▸ **Information provided**
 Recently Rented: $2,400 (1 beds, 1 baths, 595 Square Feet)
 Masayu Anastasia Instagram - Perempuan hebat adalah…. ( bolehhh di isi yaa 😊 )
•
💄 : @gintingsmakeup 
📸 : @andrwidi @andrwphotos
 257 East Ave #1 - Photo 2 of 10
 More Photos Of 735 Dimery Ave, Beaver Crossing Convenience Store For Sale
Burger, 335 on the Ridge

...

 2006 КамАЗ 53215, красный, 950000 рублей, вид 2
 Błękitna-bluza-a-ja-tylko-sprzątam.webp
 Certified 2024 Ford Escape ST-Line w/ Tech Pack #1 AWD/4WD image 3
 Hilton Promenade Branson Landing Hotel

...

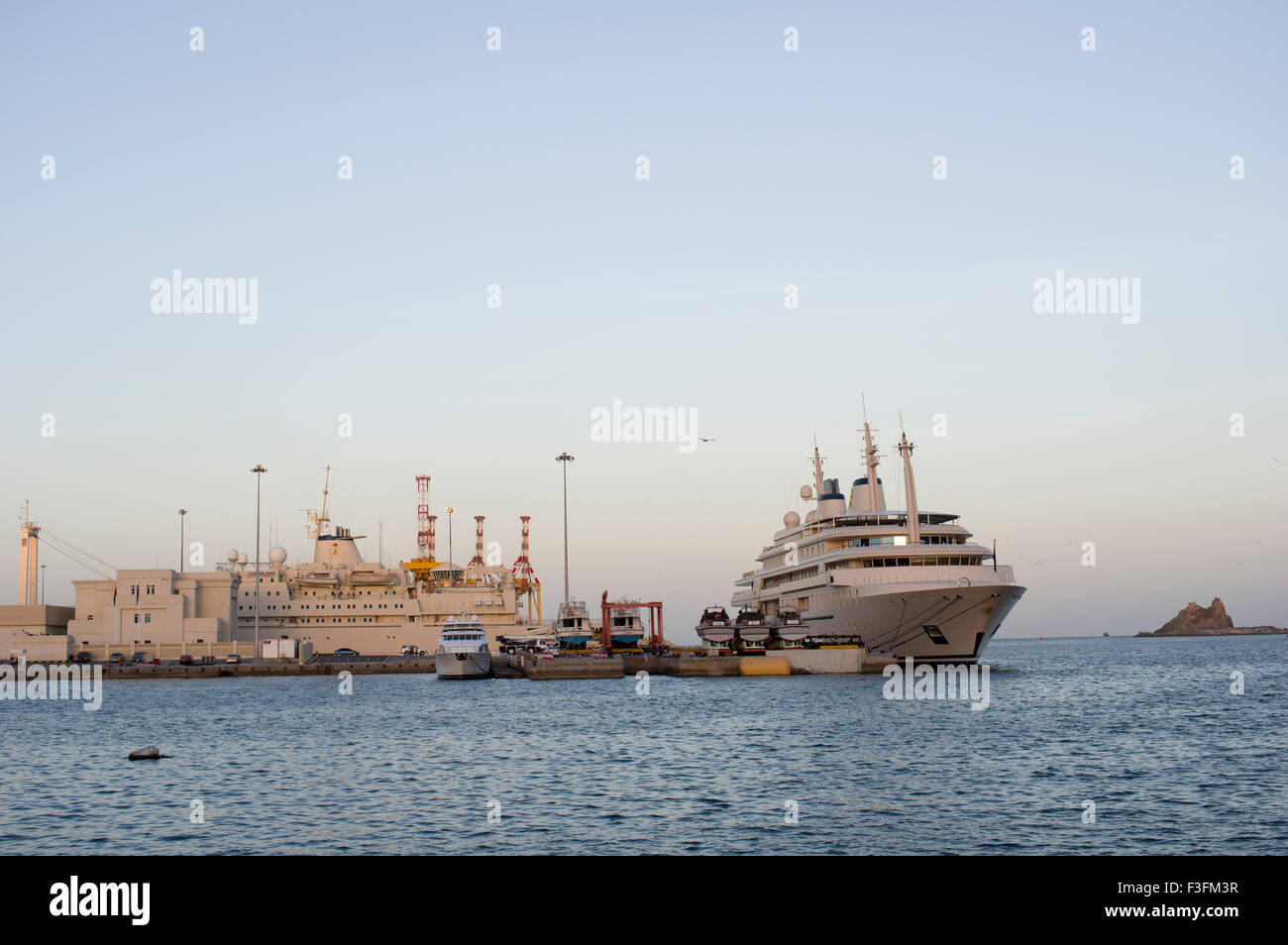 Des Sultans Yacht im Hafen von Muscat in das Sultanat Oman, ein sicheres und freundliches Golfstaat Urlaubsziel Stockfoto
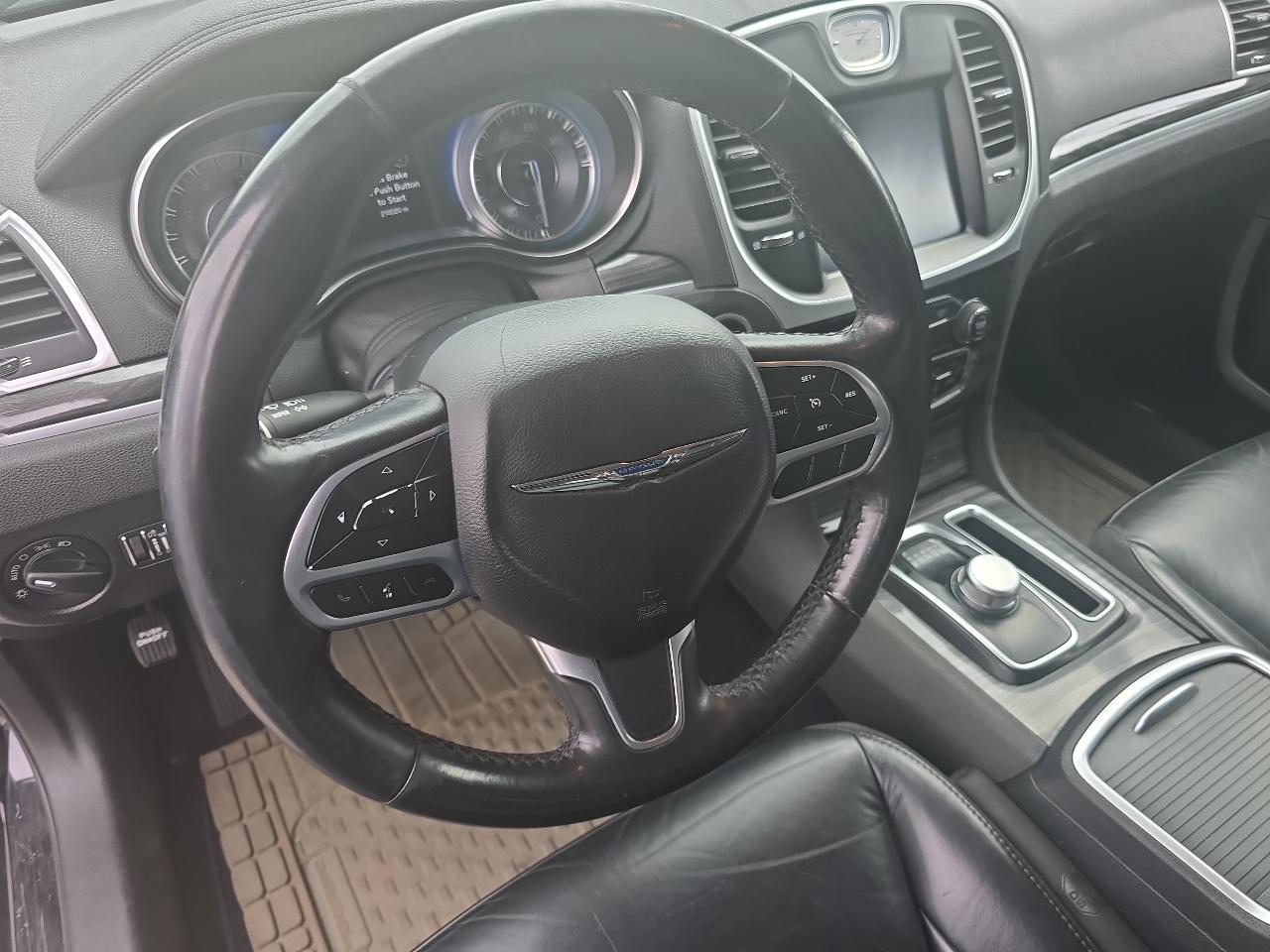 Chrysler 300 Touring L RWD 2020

▸ **Task to complete**
What are the lines, exactly as written above, from the line with "Masayu Anastasia Instagram" to the line with "Burger, 335 on the Ridge", both included? Output only those.

▸ **Response area**
 Masayu Anastasia Instagram - Perempuan hebat adalah…. ( bolehhh di isi yaa 😊 )
•
💄 : @gintingsmakeup 
📸 : @andrwidi @andrwphotos
 257 East Ave #1 - Photo 2 of 10
 More Photos Of 735 Dimery Ave, Beaver Crossing Convenience Store For Sale
Burger, 335 on the Ridge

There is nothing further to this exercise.